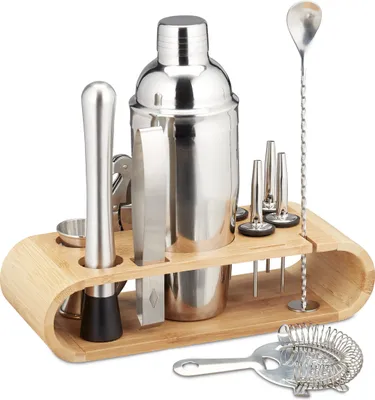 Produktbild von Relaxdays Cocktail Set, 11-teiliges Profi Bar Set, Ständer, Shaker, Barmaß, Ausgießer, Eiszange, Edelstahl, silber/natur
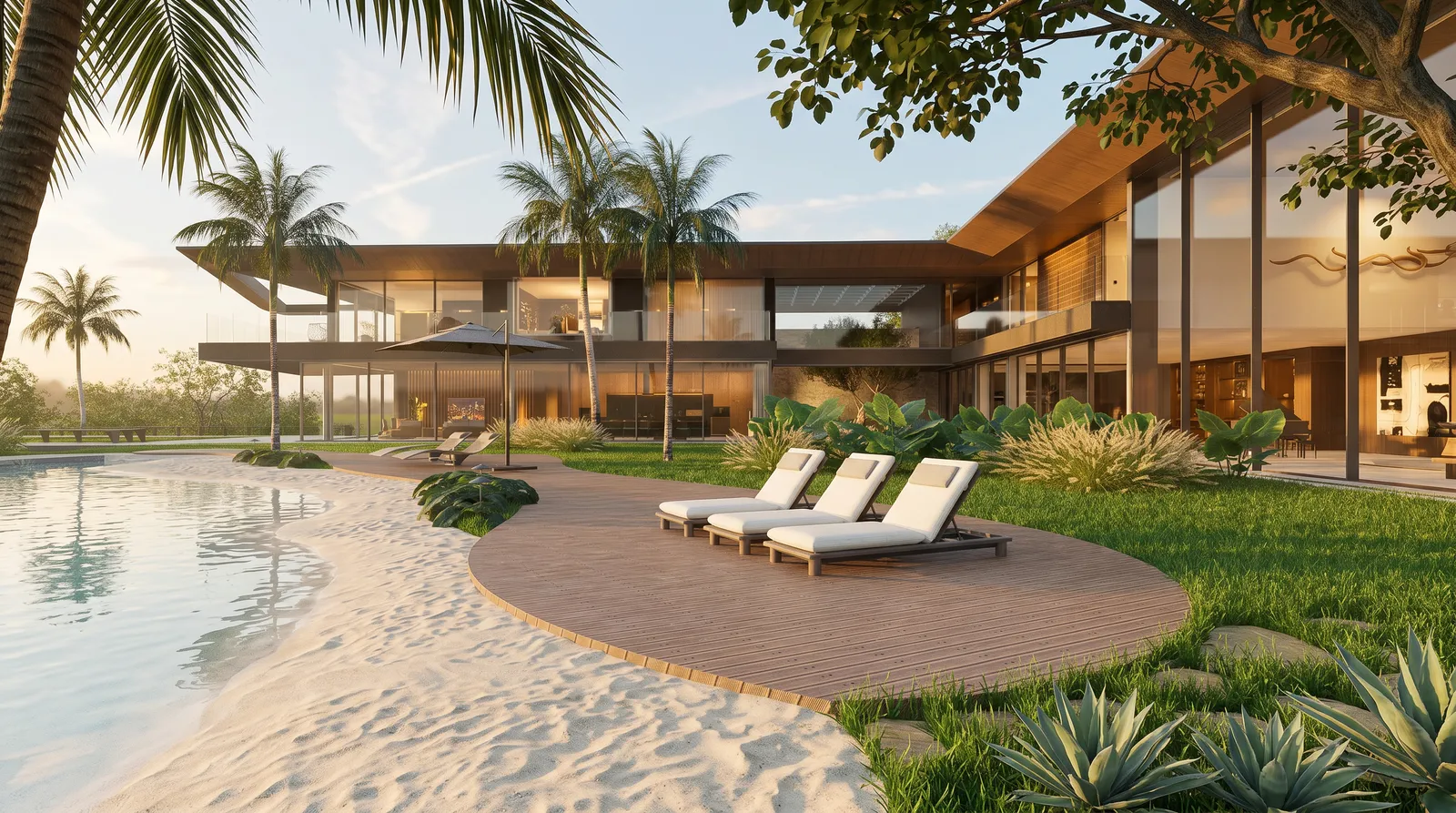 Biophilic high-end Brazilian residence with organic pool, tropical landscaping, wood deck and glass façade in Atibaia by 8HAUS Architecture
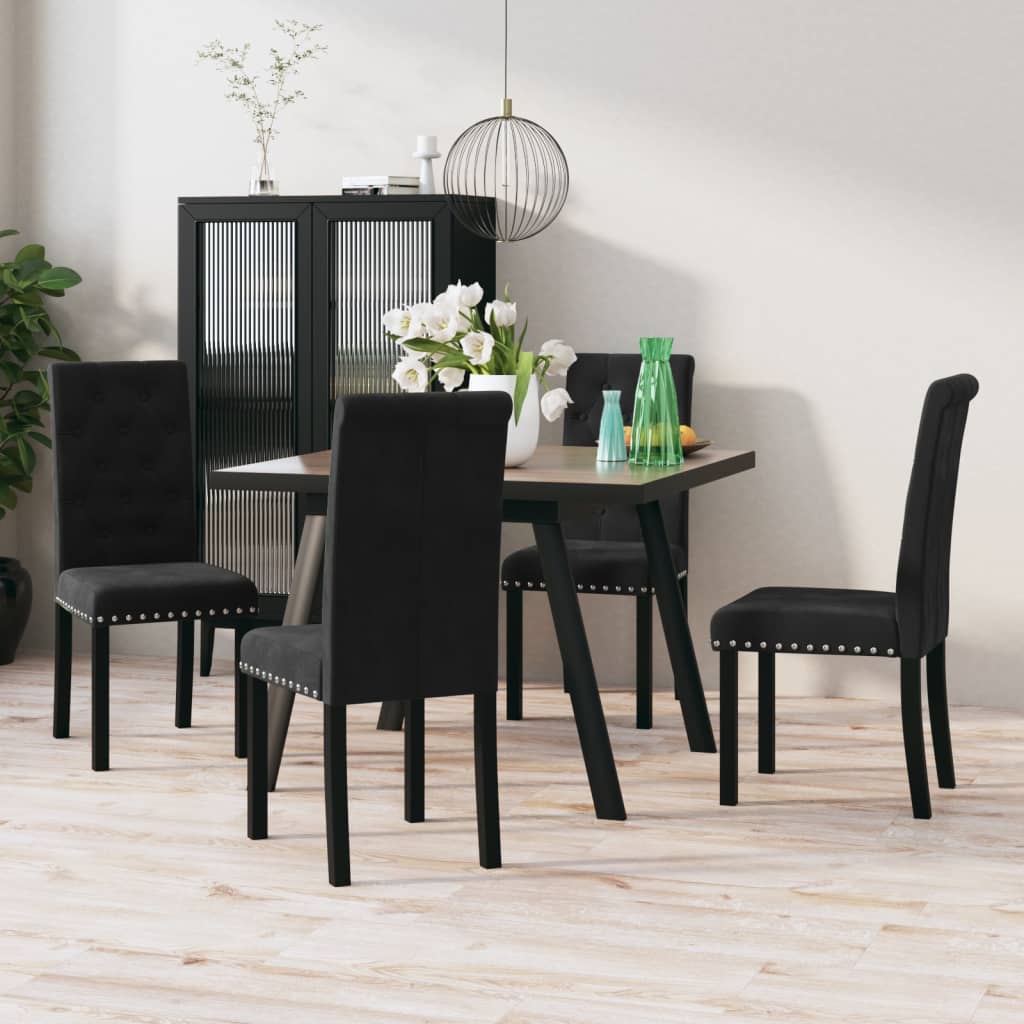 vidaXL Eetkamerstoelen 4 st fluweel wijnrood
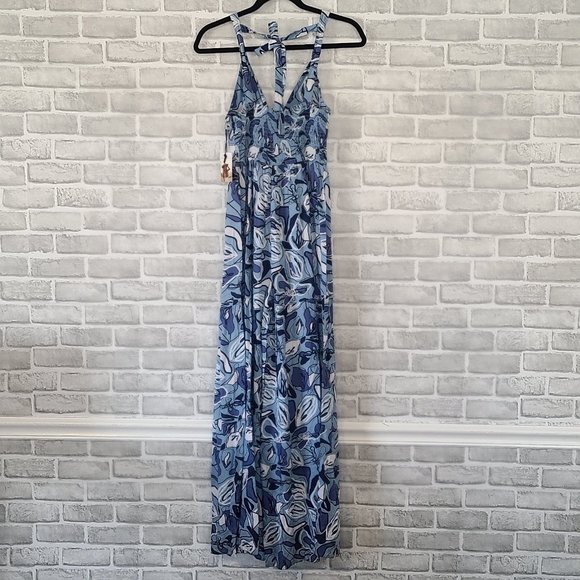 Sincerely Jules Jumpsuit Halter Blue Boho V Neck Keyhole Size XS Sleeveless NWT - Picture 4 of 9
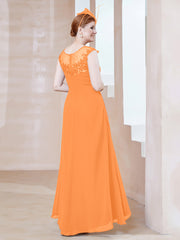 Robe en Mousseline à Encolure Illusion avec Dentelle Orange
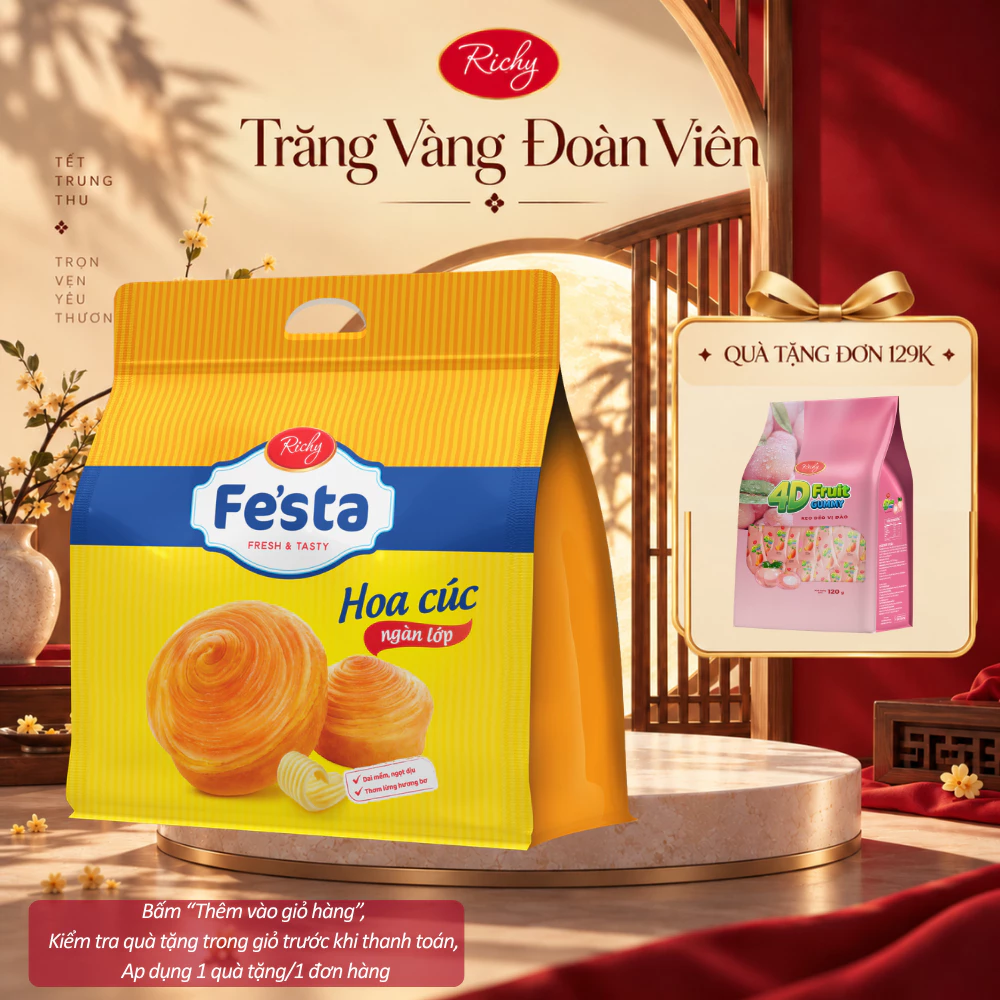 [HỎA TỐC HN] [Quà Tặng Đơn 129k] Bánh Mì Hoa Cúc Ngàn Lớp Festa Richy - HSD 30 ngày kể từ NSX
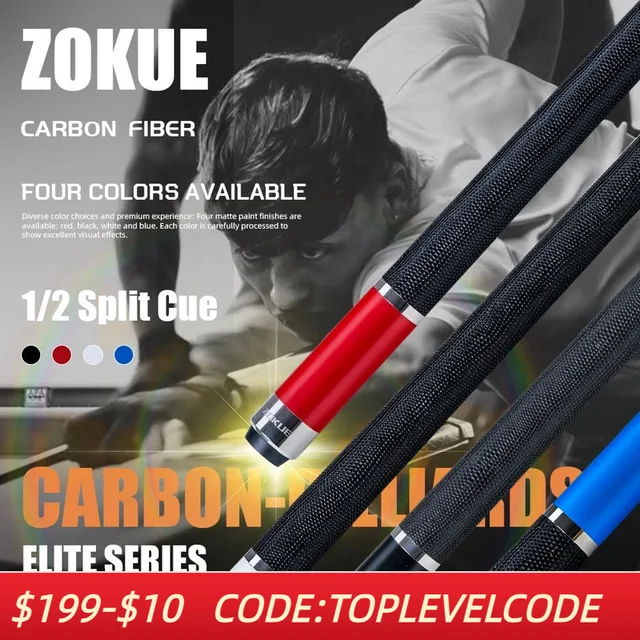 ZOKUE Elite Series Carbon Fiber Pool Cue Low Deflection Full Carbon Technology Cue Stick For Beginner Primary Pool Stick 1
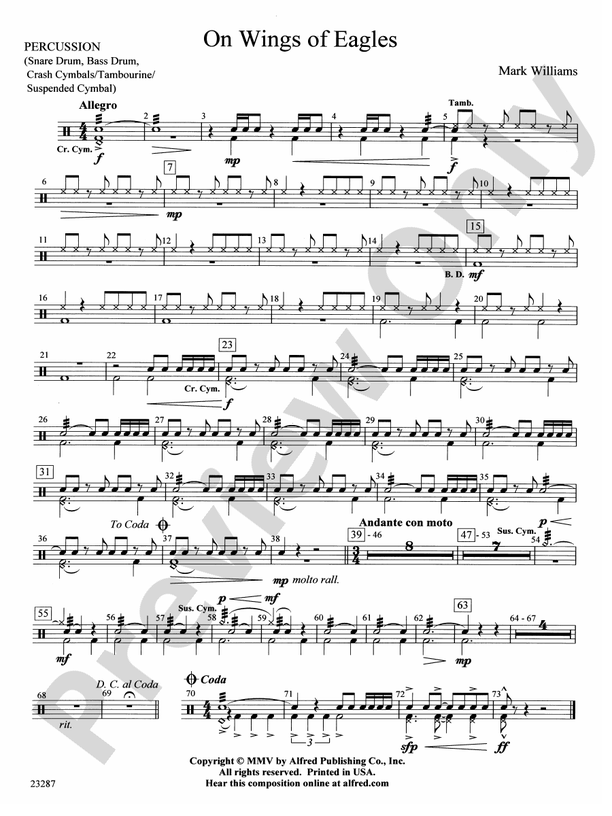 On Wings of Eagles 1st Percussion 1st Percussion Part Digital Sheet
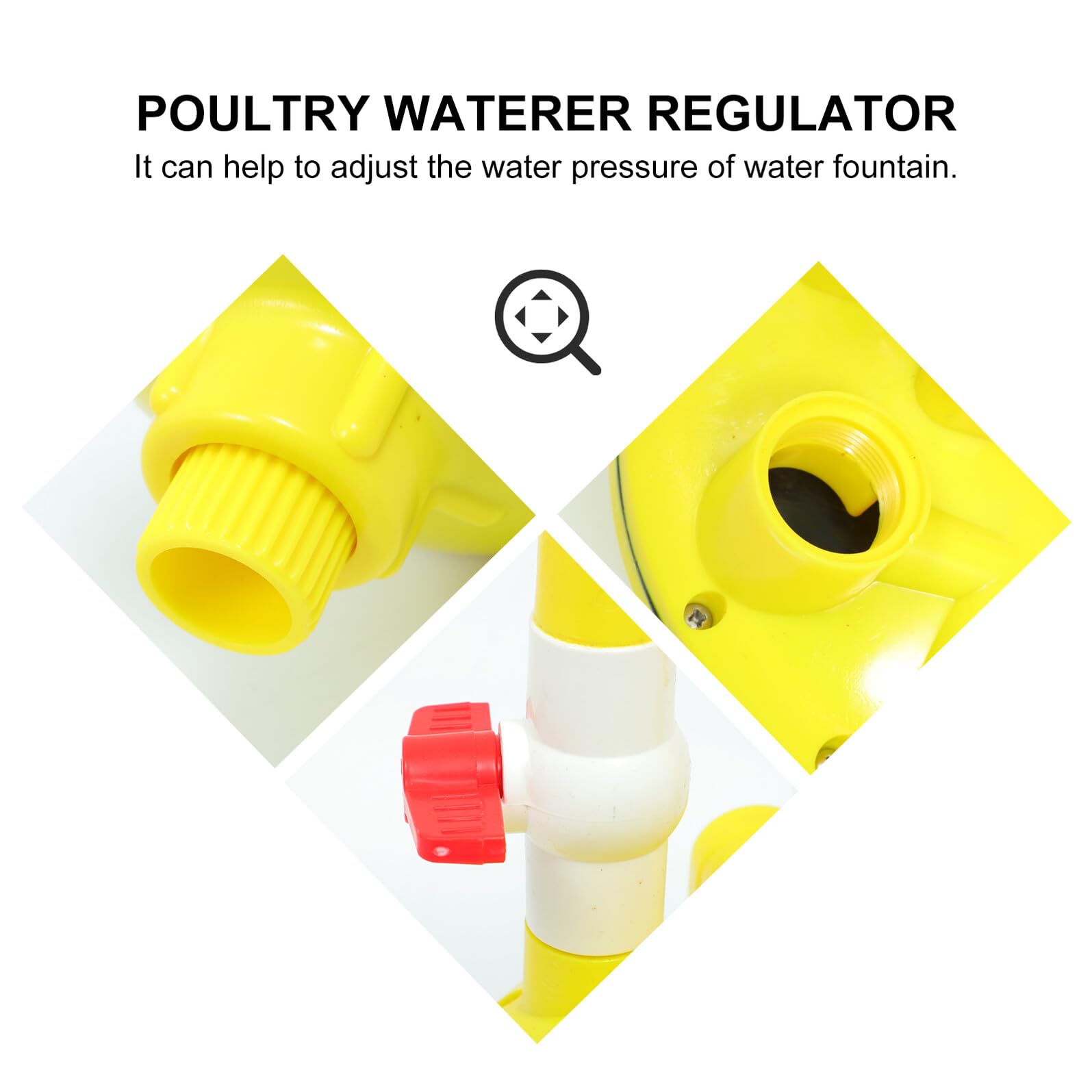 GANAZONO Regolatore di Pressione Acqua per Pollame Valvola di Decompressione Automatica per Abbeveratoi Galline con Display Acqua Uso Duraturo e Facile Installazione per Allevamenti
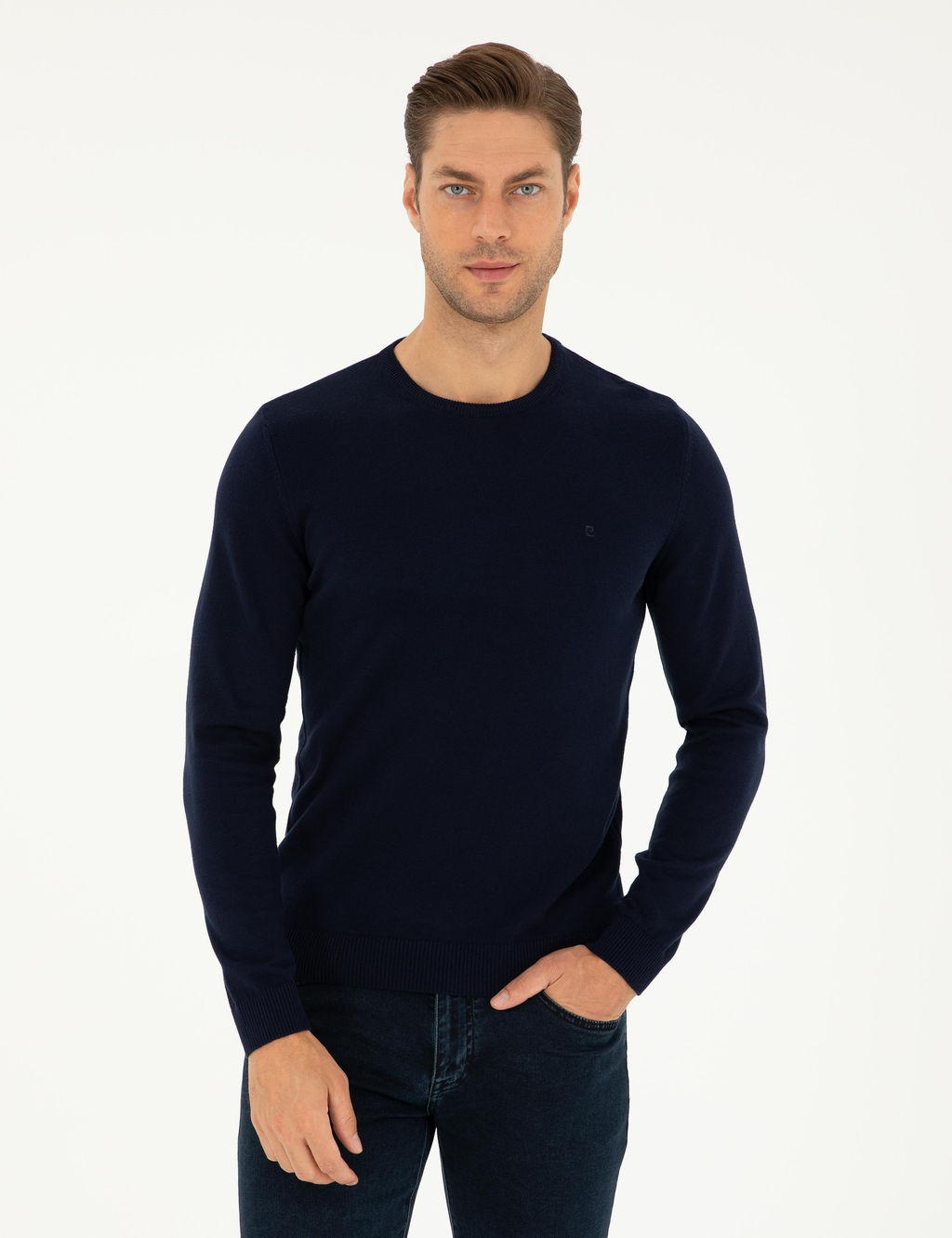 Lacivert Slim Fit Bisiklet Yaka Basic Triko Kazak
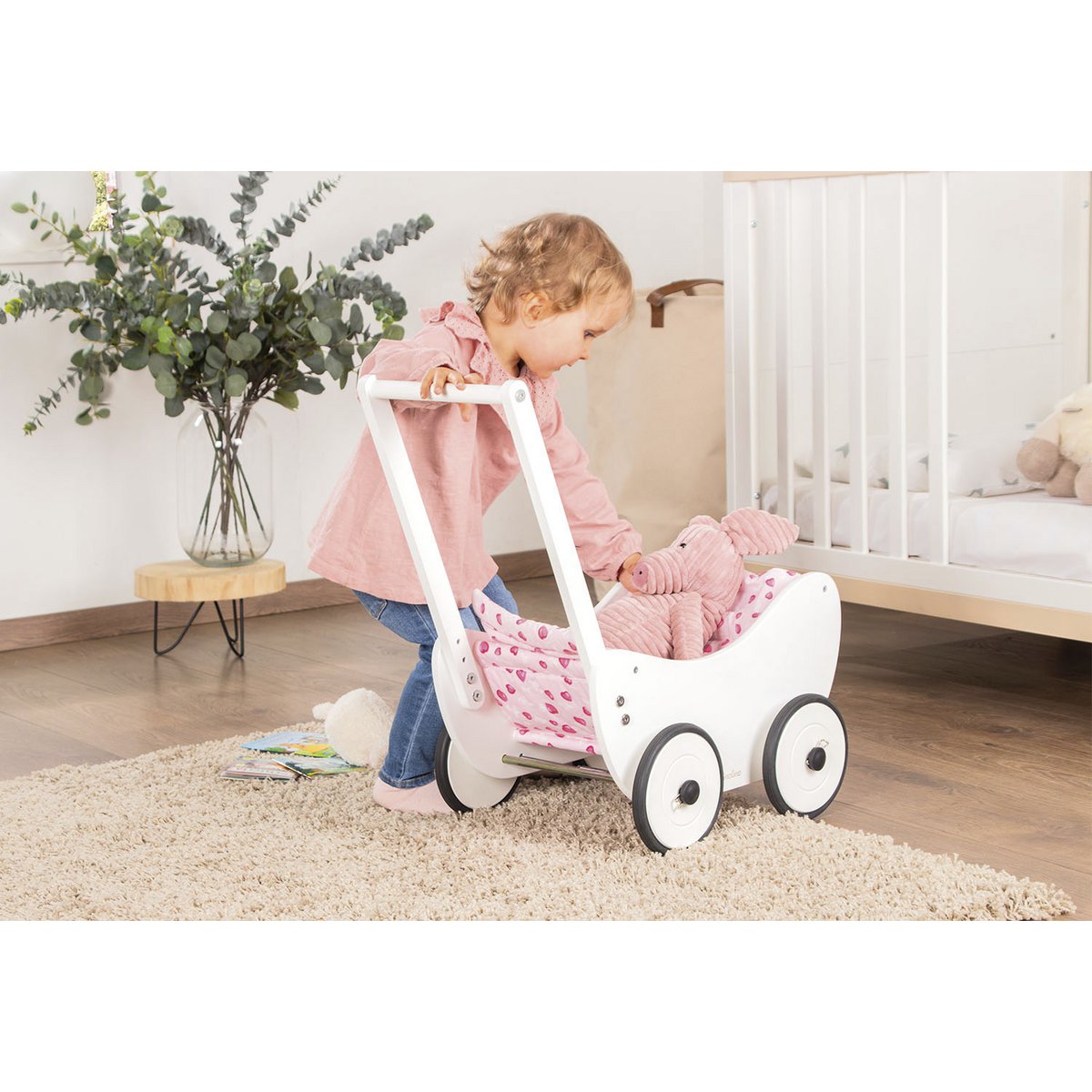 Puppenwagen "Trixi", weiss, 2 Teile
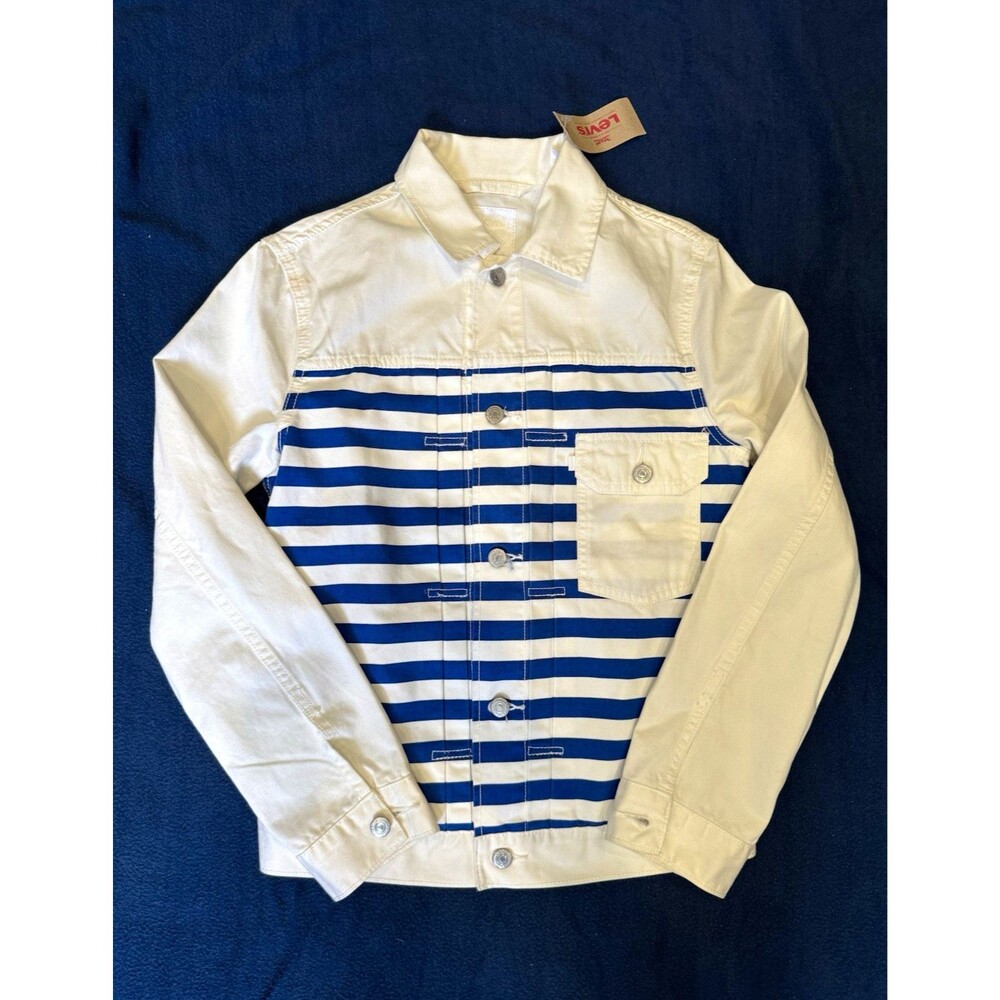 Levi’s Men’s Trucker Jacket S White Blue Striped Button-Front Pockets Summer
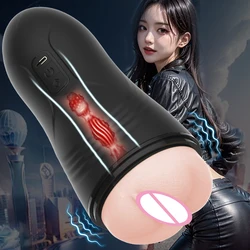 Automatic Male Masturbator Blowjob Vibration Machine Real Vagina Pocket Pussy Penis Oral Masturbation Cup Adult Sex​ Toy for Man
● ● ●
What to work on = Excluding all pictures, output exactly the lines from the line containing "Levi’s Men’s Trucker" through the last line of the entries above.

Response to the exercise =
 Levi’s Men’s Trucker Jacket S White Blue Striped Button-Front Pockets Summer
 Automatic Male Masturbator Blowjob Vibration Machine Real Vagina Pocket Pussy Penis Oral Masturbation Cup Adult Sex​ Toy for Man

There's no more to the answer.